Some 4.5 million properties are at high risk from forest fires, according to an analysis by risk assessment firm Verisk. That includes 2 million in California, 718,000 in Texas, and 371,000 in Colorado: https://www.verisk.com/insurance/campaigns/location-fireline-state-risk-report/
Last year was a comparatively mild year for fires. Even so, 4.7 million acres burned; the Kincade Fire in Sonoma County, California, burned 78,000 acres and destroyed 374 buildings. In 2018, the Camp Fire in Butte County, California, killed 85 people and destroyed 18,800 structures while burning 153,000 acres. In 2017, the Tubbs Fire in Northern California killed 22 and destroyed 5,600 structures.
Here are six steps you can take to lower risks:
Ask your local fire department to drop by. In many areas, firefighters will visit your home and make recommendations and share local information you mightn’t find elsewhere.
Study fire-risk maps before you buy a home. There are places where fire problems are much more likely. The federal government has created a map that shows the wildfire risk for the entire U.S. You can zoom in on areas to learn the risks: https://www.firelab.org/sites/default/files/images/downloads/whp_2018_continuous_lettersize.jpg
Many states have produced their own fire-risk maps. California, which has the biggest fire problem, has maps for individual counties as well as a statewide map: https://osfm.fire.ca.gov/divisions/wildfire-planning-engineering/wildland-hazards-building-codes/fire-hazard-severity-zones-maps/
If you’re planning to live in an area with high fire risk, stay away from neighborhoods where houses sit cheek-by-jowl. One reason the town of Paradise, California, was so devastated by the Camp Fire in 2018 was that many homes were located close together, allowing fire to leap easily from one house to the next. Paradise is being rebuilt, and the state is insisting on “defensible space” around homes.

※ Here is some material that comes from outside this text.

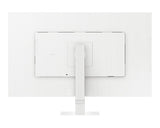 Samsung LS32D701EAU computer monitor 81.3 cm (32") 3840 x 2160 pixels 4K Ultra HD LED White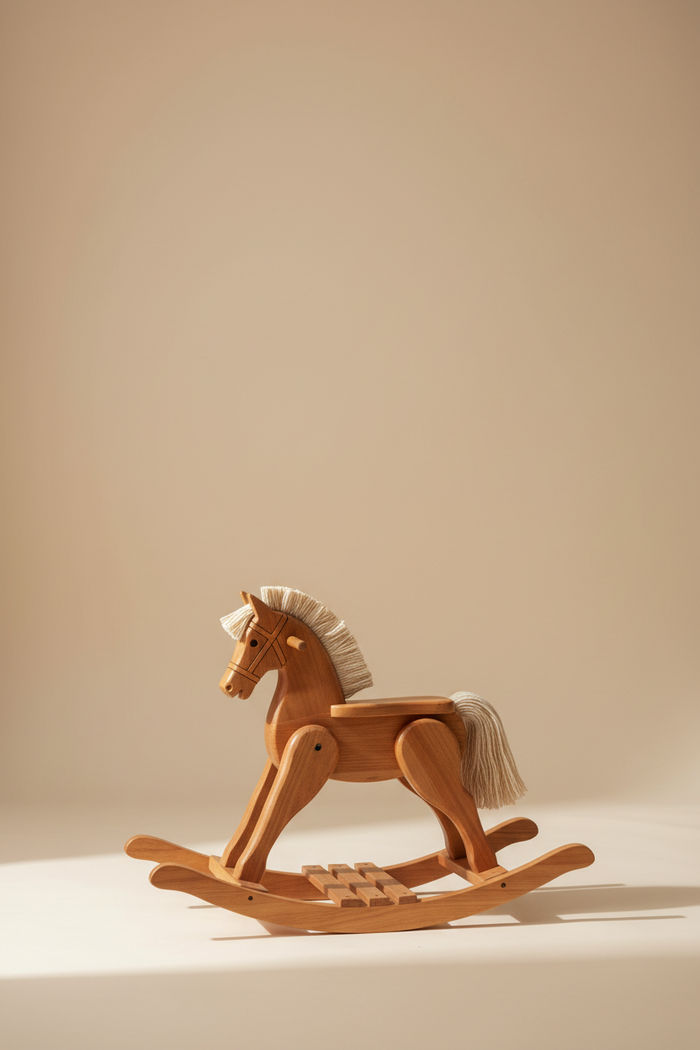 Rocking horses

Using the federal fire-risk map, the Arizona Republic and USA Today news organizations examined small towns across 11 states and found more than 500 had higher fire risks than Paradise. You can search for towns here: https://www.azcentral.com/in-depth/news/local/arizona-wildfires/2019/07/22/wildfire-risks-more-than-500-spots-have-greater-hazard-than-paradise/1434502001/
Make your house as fireproof as possible. Clean roofs and gutters of leaves, debris and pine needles. Install screens and replace broken windows to protect embers from entering houses.
Keep flammable material such as woodpiles or mulch away from homes. Woodpiles should be located uphill of the house (fire tends to burn upward) so they don’t serve as igniters for your house.
Beware of wood shingle roofs and wooden decks. Nobody living in a fire zone should have wood shingles, particularly untreated ones. There have been fires where homes with wooden shingles were destroyed where nearby homes with other roofs survived. Wood decks are also problematic. As fires leap from home to home, the deck may ignite first and set the rest of the house on fire.
Let your yard be part of the defense. The 30 feet closest to the house should be a fuel break with driveway, walkways and patios. Grass in this area should be kept to a maximum height of four inches.
Beyond 30 feet, don’t try to eliminate fire. Instead, try to control it. Dispose of piles of litter or debris. Keep trees spaced and trimmed so that fire can’t leap from the crown of one to the next.
Work with neighbors. Your house can be in perfect shape, but if your neighbor’s catches on fire, you have a problem. Many homes destroyed by forest fires are actually ignited by neighboring structures.
Let neighbors know you’re thinning trees on your property to lessen fire risk. If you have an older neighbor who is having trouble taking care of their yard, offer to help out. It is the right thing to do, and it will also make you safer.